Parquet structure
This guide provides an overview of handling Parquet files for data masking. It includes defining Parquet schemas, understanding nested structures, and using Parquet column paths to accurately target data fields for masking.
Understanding Parquet structure
Parquet is a columnar storage format, storing data by columns rather than rows, optimizing compression and query performance. It is a binary format and can only be read using Parquet parsers or readers. A parquet file typically has a file header and footer containing file metadata such as the version, schema, row-group sizes, encoding and compression codecs, statistics, dictionaries, etc. The file body contains the row groups, column chunks, and pages that store the actual data.
Definitions
Schema: A Parquet schema defines the structure of the stored data, including field types, repetition rules, and nesting levels. The schema can include primitive types - INT32
, INT64
, BOOLEAN
, BINARY
, FLOAT
, DOUBLE
and complex types - LIST
, MAP
, STRUCT
.
Groups and Fields: Groups represent structured objects (similar to JSON objects or XML elements), and fields define individual data points within a group (equivalent to JSON fields or XML nodes).

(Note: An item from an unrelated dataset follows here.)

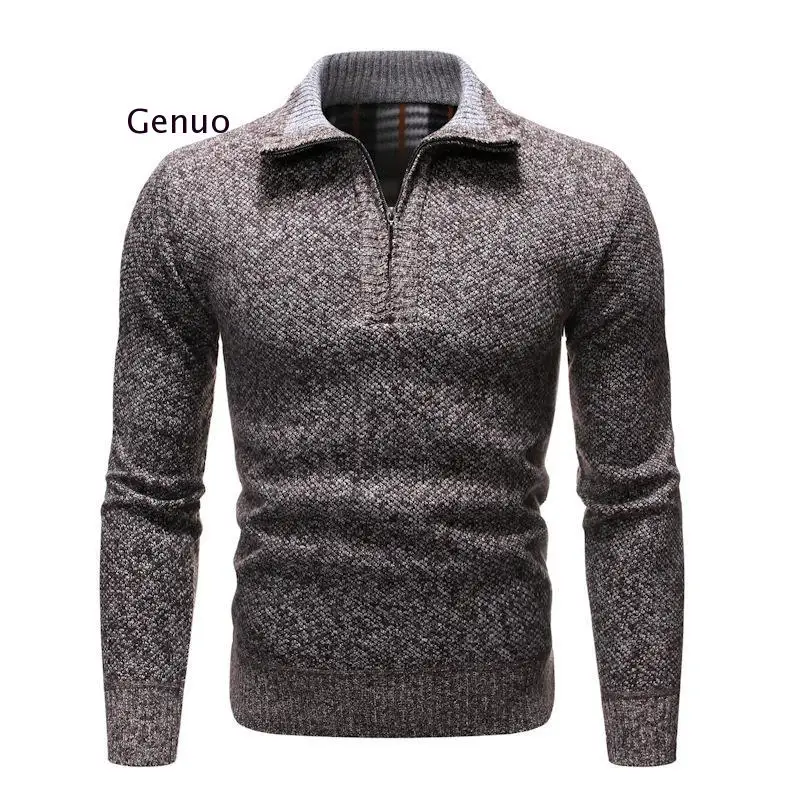 

New Autumn Winter Mens Sweater Solid Slim Fit Pullovers Men Sweaters Casual Thick Fleece Turtleneck Sweater Men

Repetition Level and Definition Levels: Repition level tracks the repeated (LIST) elements inside a nested structure, identifying whether a value starts a new list or continues an existing one. The definition level tracks nullability in a nested or optional column, i.e., it represents how many levels of nesting exist before a value is defined (non-null).
Hierarchical structure
On a higher level, the Parquet hierarchical structure consists of three primary components:
Row Groups: Rows group is a horizontal partition of data (collection of rows), containing column data for a subset of rows. Each row group can be processed independently, allowing parallel processing and reading parts of data without loading the entire dataset into memory.
Columns: Each row group contains column chunks, which store all values for a single column. Each column is stored separately, allowing column-level compression and encoding. The query engine can selectively query required columns, reducing computational overhead and memory usage.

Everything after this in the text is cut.